Caching
Cache stampede: multiple-choice review
Six questions that cut across the whole unit. None is a definition to recite — each mirrors a decision you make mid-incident, when the DB is on fire and you must pick the mitigation whose scope actually matches the herd.
Confirm you can connect the burst shape of a stampede to the right mitigation: which collapses the per-process herd, which collapses the per-fleet herd, which needs no coordination, which eliminates the wait, and which failure mode no caching layer alone can escape.
A homepage cached at TTL=60 s absorbs 5,000 RPS. The same endpoint with no cache also sees 5,000 RPS. Why can the cached version cause an outage the un-cached one never would?
A 50-node fleet uses in-process single-flight only. At a TTL boundary 100,000 concurrent misses arrive, evenly spread.
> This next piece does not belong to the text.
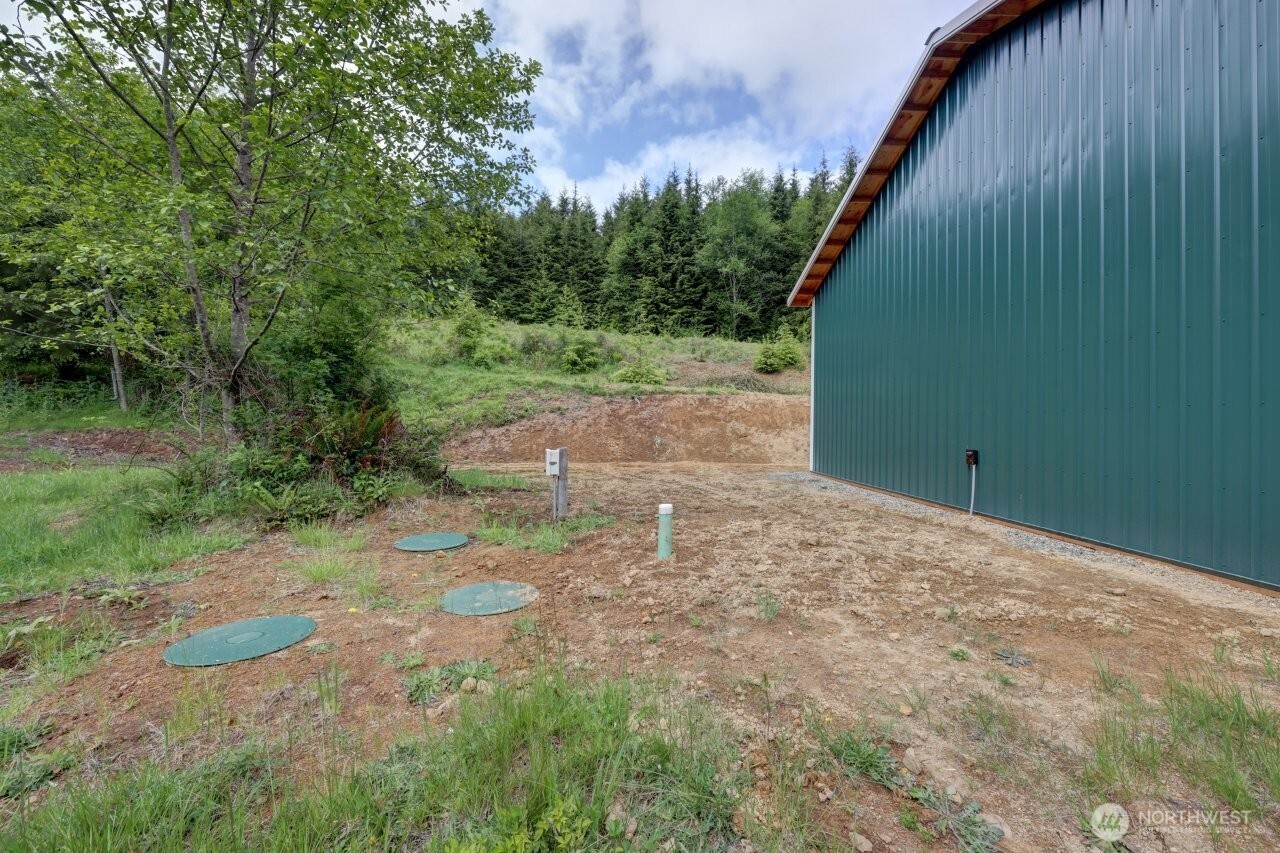 341 Parpala Road Naselle, WA 98638 - Photo 22 of 22 a backyard of a house with lots of green space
How many rebuild queries reach the DB, and why?
You must protect two keys: an ultra-hot homepage read thousands of times per second, and a cold per-user report read once every ~30 s with TTL=60 s. Which mitigation fits which key?
A lock-based cache and a stale-while-revalidate cache both reduce DB load at a TTL boundary to one rebuild. What is the key difference a user feels?
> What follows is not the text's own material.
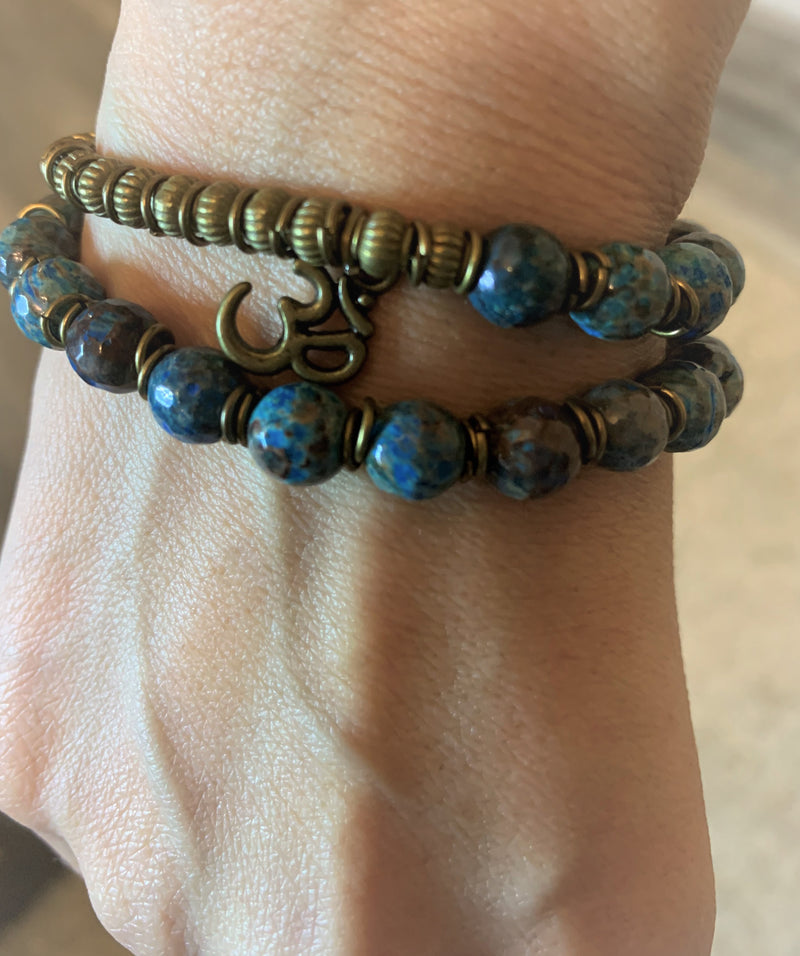 "Love-me" wrist mala Is an Elegant Hand-Made bracelet that features Ocean Jasper beads with OM pendant.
A profile service caches lookups for 5 minutes. An attacker sends 100,000 requests/s for random non-existent user IDs. The positive-key protection (lock + single-flight) does nothing. Why, and what is the fix?
A 10-second stampede ended four hours ago, yet the DB is still pinned at 100% CPU with an empty cache. Why will the system not recover on its own, and what does recovery require?
The through-line of the unit is one matching exercise: the stampede’s burst shape — the full traffic rate concentrated at one expiry instant — determines which mitigation fits. Single-flight collapses the per-process herd for free; a distributed lock collapses the per-fleet herd at a round-trip’s cost; XFetch refreshes hot keys before expiry with no coordination; SWR serves stale and refreshes in the background for zero wait; negative caching stops miss-storm amplification; and once a stampede tips the system into a retry-driven metastable failure, no caching layer alone gets it back — only an external kill signal does.